→ **YOUR INSTRUCTIONS**: Copy nothing but the lines from the one containing "For part A, we're" through the last line of the records, repeated exactly and without pictures.

→ **EXERCISE MATERIAL**:
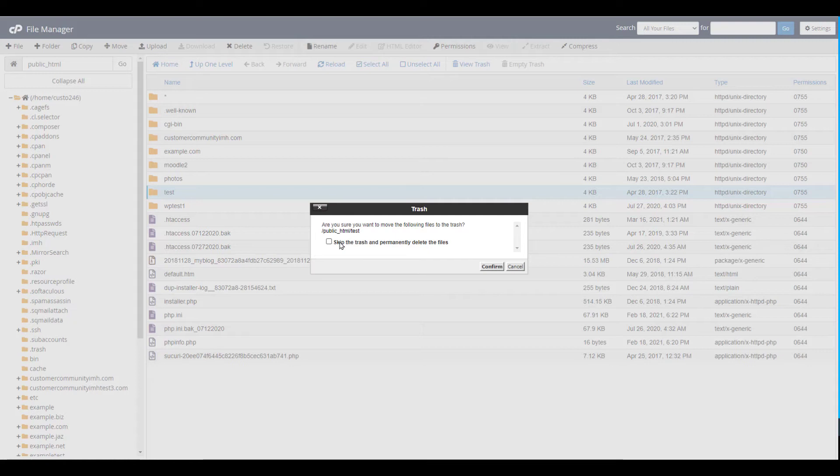By default, deleted files are moved to a hidden trash folder. It will be listed as .trash on the left sidebar.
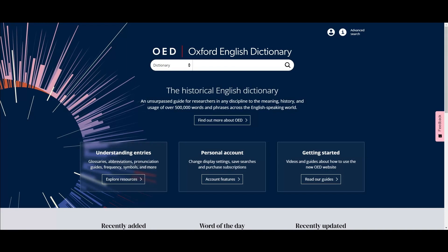The new OED platform integrates historical thesaurus searching with dictionary searching much more closely. Now you can submit a single search query and retrieve results from both the dictionary and the thesaurus at the same time.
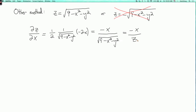So this wasn't really any harder in this case, but in general, if you have an equation where it's difficult or impossible to solve explicitly for z as a function of x and y, then implicit differentiation is the way to go. Let me do one more example.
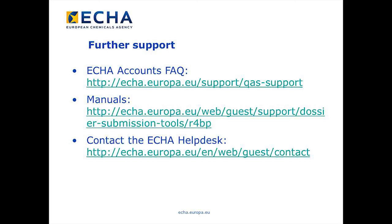Further support can be found in the ECHA accounts FAQ, where you will have a brief detailed explanation on what ECHA accounts mean and some of the functionalities. You can also check the ECHA accounts manual available in the R4DP section of the ECHA website. And if you have further questions, please contact the ECHA Help Desk.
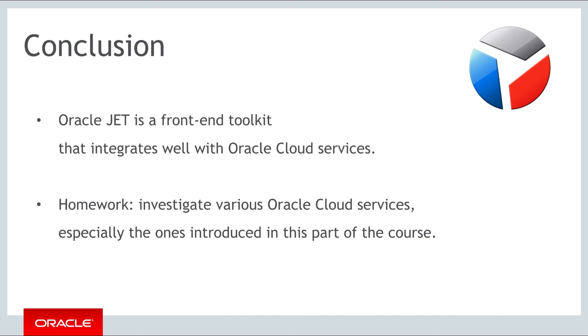With that, as always, we thank you for participating in the course on Oracle JET, and we look forward to seeing you in the next part.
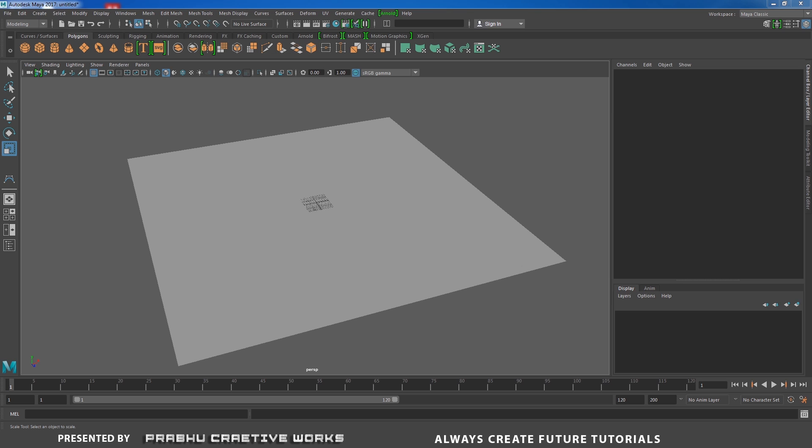Today we will see about how to render the curve directly in output without any mesh. Arnold has this special property to render the curve directly in output. Before that we need to draw the curve.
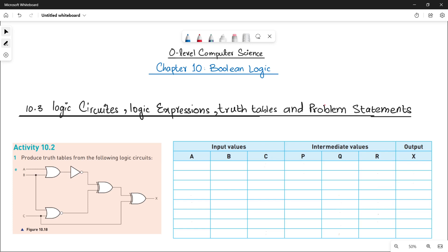Assalamu alaikum students, this is Farwa Batul, your O-Level Computer Science instructor, and welcome to another video of Chapter 10: Boolean Logic. In this video we will be doing Part E of Activity 10.2. We are already done with parts A, B, C, and D — if you want to watch them, go see the previous videos. Okay, question number one, Part E.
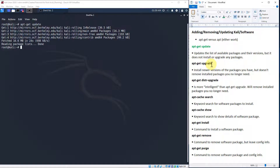I'm not a Linux administrator, but based on my research, with apt-get upgrade it's going to install newer versions of packages you have but it doesn't remove installed packages you no longer need. With apt-get dist-upgrade, people say it's a more intelligent version — in addition to upgrading to newer versions, it also removes installed packages that you no longer need.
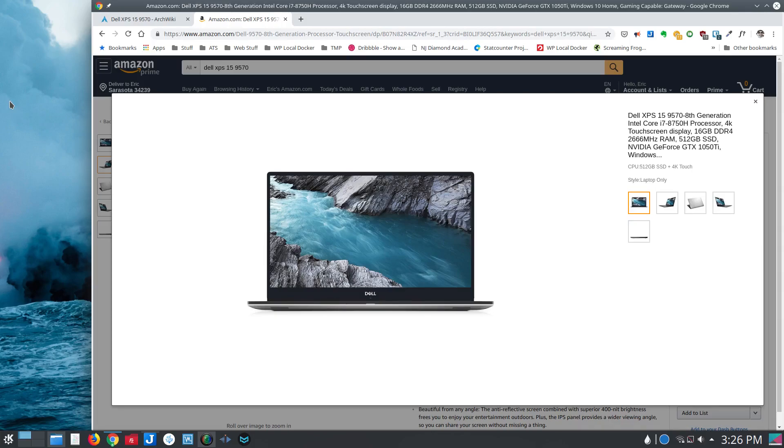Hey everyone, this is Eric. I recently got a Dell XPS 15 9570 laptop, and for the most part it's been great.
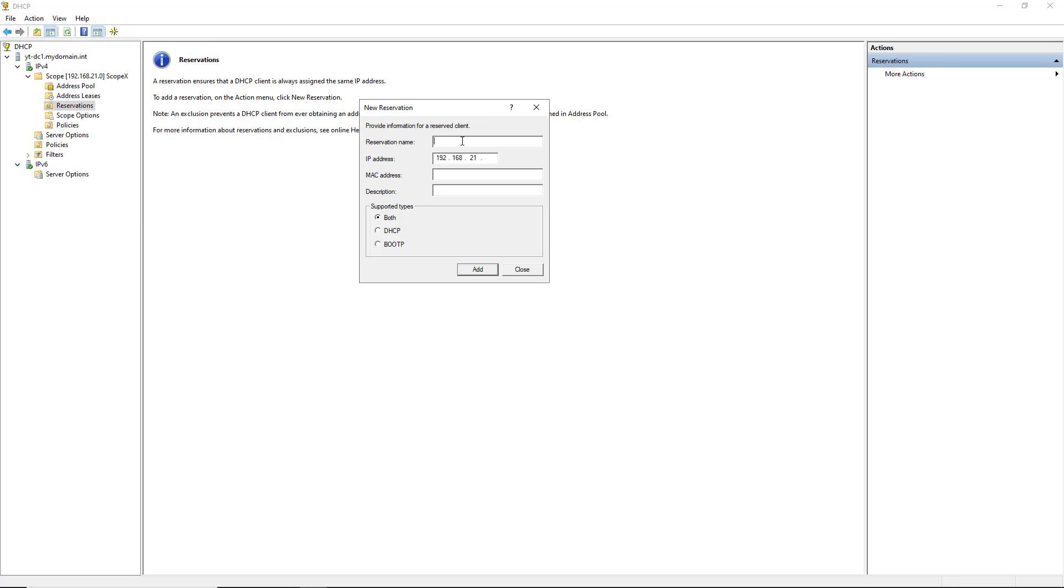So I'll go back to my new reservation, and I'll say this is my device. It's a QNAP device, which is a storage device, and I'm going to say it's supposed to always be at 230, so that way I can always easily find it. Now I need to know the MAC address.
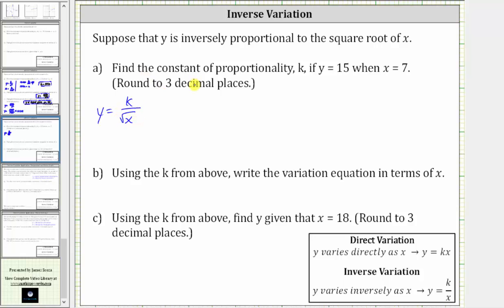For part A, we're asked to find the constant of proportionality k if y equals 15 when x equals seven, and we're asked to round to three decimal places. So to find k, we substitute 15 for y and seven for x. Performing the substitution gives us the equation 15 equals k divided by the square root of seven.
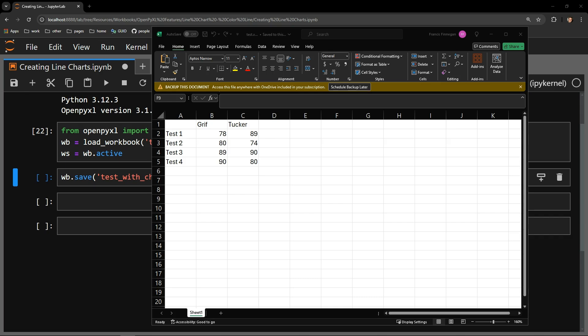This video reviews how to use the Python library OpenPyExcel to change the colors of a line on a line chart.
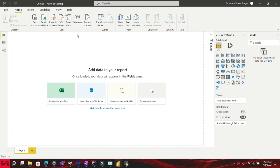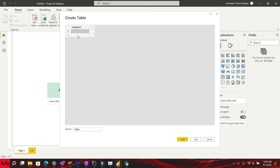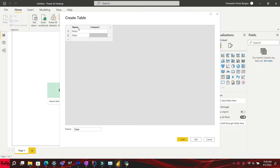In this video tutorial, I will show you how to prevent a query from refreshing in Power BI. If you like this video and want more videos like this, please subscribe to my channel.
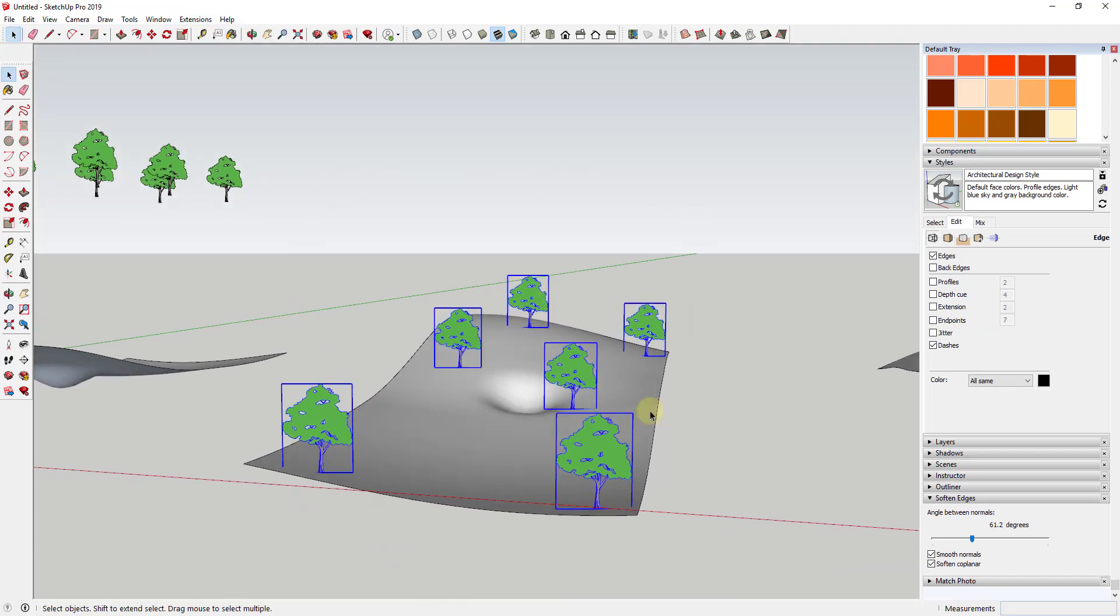So you could use this to place all of these in two dimensions and then from there drop them in three dimensions.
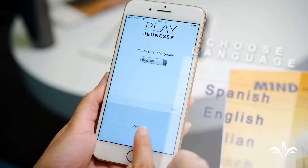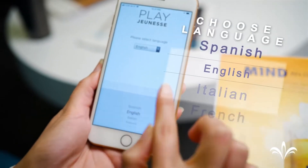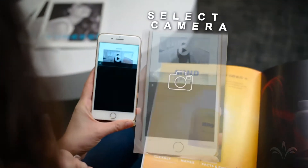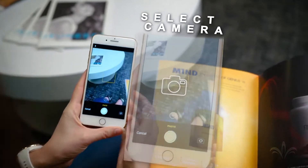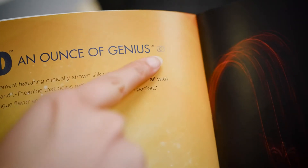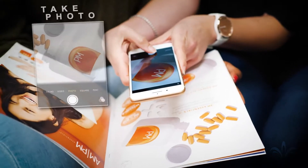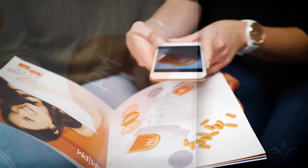Open the app, select the language, then select the camera. In the catalog, you would just select the camera icon or hover over any product. Take a photo, then select Use Photo.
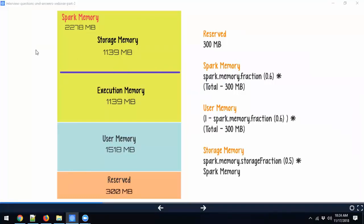Let's say you have 4 GB of memory allocated to your executor. 300 MB of that is reserved — Spark reserves it and you don't have access to it. Then 60% of the remaining amount (4 GB minus 300 MB) goes to Spark memory. That 60% can be tweaked using the spark.memory.fraction parameter. The rest goes to user memory.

→ **ANSWER TO THE EXERCISE**:
For part A, we're asked to find the constant of proportionality k if y equals 15 when x equals seven, and we're asked to round to three decimal places. So to find k, we substitute 15 for y and seven for x. Performing the substitution gives us the equation 15 equals k divided by the square root of seven.
This video reviews how to use the Python library OpenPyExcel to change the colors of a line on a line chart.
In this video tutorial, I will show you how to prevent a query from refreshing in Power BI. If you like this video and want more videos like this, please subscribe to my channel.
So you could use this to place all of these in two dimensions and then from there drop them in three dimensions.
Open the app, select the language, then select the camera. In the catalog, you would just select the camera icon or hover over any product. Take a photo, then select Use Photo.
Let's say you have 4 GB of memory allocated to your executor. 300 MB of that is reserved — Spark reserves it and you don't have access to it. Then 60% of the remaining amount (4 GB minus 300 MB) goes to Spark memory. That 60% can be tweaked using the spark.memory.fraction parameter. The rest goes to user memory.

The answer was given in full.